* Records from a collection
────────────────────
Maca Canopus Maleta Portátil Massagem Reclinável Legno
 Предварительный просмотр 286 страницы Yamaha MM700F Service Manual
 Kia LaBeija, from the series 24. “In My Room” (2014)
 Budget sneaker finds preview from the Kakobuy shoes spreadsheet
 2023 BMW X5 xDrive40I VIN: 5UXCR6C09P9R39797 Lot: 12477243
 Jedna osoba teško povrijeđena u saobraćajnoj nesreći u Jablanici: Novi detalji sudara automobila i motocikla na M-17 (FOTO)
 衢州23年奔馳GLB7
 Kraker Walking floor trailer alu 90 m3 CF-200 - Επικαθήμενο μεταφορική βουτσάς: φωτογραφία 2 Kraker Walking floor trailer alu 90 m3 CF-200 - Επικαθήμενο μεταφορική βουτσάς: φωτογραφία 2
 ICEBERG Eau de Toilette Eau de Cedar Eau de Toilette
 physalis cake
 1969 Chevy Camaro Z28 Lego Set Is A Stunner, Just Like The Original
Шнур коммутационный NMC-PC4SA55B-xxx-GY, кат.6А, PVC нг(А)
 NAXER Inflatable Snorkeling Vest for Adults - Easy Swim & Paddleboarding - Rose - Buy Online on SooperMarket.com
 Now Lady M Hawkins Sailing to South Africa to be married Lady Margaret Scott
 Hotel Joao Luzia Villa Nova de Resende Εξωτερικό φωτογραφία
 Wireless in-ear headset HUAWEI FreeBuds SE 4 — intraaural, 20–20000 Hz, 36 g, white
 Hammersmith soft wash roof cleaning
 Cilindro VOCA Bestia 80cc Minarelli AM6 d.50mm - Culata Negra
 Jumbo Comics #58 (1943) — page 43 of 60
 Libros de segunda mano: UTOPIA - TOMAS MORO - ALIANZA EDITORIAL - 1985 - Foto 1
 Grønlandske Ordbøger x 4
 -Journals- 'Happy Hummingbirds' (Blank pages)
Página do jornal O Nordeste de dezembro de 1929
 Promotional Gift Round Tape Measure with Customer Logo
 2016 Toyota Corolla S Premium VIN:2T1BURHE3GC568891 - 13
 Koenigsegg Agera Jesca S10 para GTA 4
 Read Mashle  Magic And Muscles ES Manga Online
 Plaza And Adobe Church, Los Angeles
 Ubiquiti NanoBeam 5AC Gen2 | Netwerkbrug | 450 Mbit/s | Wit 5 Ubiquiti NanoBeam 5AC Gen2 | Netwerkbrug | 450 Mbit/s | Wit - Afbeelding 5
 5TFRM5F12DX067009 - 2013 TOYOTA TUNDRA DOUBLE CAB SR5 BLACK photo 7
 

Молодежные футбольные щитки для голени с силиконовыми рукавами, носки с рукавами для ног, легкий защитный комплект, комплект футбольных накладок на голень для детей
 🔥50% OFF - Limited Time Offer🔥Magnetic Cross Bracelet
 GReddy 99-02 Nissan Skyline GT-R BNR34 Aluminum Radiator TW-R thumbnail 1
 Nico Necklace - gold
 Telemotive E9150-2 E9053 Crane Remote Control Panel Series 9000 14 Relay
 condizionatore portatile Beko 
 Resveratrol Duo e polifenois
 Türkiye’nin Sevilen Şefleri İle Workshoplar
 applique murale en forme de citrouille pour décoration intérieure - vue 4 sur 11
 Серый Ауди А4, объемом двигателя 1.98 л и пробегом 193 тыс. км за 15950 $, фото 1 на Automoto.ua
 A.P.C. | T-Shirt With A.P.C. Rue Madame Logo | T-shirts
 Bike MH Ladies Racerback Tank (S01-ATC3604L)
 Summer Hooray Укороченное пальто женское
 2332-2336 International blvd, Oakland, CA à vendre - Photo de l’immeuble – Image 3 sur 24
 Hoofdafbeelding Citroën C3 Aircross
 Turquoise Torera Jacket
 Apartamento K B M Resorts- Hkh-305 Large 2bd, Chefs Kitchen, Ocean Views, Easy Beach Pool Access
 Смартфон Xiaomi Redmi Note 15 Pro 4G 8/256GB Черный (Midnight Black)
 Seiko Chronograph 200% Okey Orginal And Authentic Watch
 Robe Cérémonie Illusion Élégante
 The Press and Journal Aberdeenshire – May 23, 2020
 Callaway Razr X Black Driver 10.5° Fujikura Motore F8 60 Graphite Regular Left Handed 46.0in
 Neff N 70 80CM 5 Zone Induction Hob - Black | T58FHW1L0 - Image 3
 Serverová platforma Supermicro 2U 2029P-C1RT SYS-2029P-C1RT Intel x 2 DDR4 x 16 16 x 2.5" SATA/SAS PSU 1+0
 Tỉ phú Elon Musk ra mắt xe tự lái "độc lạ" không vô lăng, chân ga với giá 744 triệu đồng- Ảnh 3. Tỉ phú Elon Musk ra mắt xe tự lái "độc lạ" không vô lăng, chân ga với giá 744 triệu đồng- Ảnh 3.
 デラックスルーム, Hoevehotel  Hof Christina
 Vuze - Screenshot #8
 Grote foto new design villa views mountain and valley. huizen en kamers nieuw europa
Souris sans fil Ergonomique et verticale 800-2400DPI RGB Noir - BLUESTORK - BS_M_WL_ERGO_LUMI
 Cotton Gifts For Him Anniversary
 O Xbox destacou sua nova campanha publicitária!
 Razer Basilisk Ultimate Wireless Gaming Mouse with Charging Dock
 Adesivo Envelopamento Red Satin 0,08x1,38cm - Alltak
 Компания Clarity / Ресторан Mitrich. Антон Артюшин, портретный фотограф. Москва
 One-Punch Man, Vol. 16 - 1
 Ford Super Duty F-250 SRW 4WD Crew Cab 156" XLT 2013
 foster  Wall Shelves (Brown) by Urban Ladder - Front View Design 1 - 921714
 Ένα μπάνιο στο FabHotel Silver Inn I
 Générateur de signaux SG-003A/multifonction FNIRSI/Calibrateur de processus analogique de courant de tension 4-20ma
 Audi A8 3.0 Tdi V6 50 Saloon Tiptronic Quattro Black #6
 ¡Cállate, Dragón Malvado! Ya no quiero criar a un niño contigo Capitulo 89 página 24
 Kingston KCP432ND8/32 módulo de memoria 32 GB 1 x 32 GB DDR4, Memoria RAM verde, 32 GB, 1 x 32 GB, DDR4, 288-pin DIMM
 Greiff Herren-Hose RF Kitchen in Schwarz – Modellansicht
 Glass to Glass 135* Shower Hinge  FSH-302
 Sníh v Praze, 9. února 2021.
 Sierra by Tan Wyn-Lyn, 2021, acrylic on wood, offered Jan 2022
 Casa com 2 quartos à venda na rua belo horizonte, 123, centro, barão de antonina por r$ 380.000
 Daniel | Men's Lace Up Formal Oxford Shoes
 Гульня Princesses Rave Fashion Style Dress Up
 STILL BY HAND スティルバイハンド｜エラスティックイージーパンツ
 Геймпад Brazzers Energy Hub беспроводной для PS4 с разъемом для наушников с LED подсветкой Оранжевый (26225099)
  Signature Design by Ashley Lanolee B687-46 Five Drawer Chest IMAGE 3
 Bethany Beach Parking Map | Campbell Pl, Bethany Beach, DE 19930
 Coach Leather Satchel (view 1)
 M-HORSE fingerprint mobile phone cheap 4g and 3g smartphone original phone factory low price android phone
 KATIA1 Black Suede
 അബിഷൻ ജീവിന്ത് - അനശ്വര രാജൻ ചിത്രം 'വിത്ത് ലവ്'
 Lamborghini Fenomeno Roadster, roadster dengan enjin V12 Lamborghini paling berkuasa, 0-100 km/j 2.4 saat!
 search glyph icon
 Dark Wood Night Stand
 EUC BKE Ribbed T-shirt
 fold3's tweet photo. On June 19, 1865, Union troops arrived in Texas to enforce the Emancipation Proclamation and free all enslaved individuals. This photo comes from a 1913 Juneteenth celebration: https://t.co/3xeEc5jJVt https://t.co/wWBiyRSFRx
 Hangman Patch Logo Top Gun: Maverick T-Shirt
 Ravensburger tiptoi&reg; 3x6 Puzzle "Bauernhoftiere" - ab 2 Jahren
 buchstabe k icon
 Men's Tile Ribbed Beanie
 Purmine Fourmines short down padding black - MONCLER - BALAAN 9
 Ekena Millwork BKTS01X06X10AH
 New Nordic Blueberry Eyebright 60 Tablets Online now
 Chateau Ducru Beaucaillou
────────────────────
* What this task involves
Determine how many lines in the entries hold the string "Kitchen". Write only the number.

* Result for this exercise
2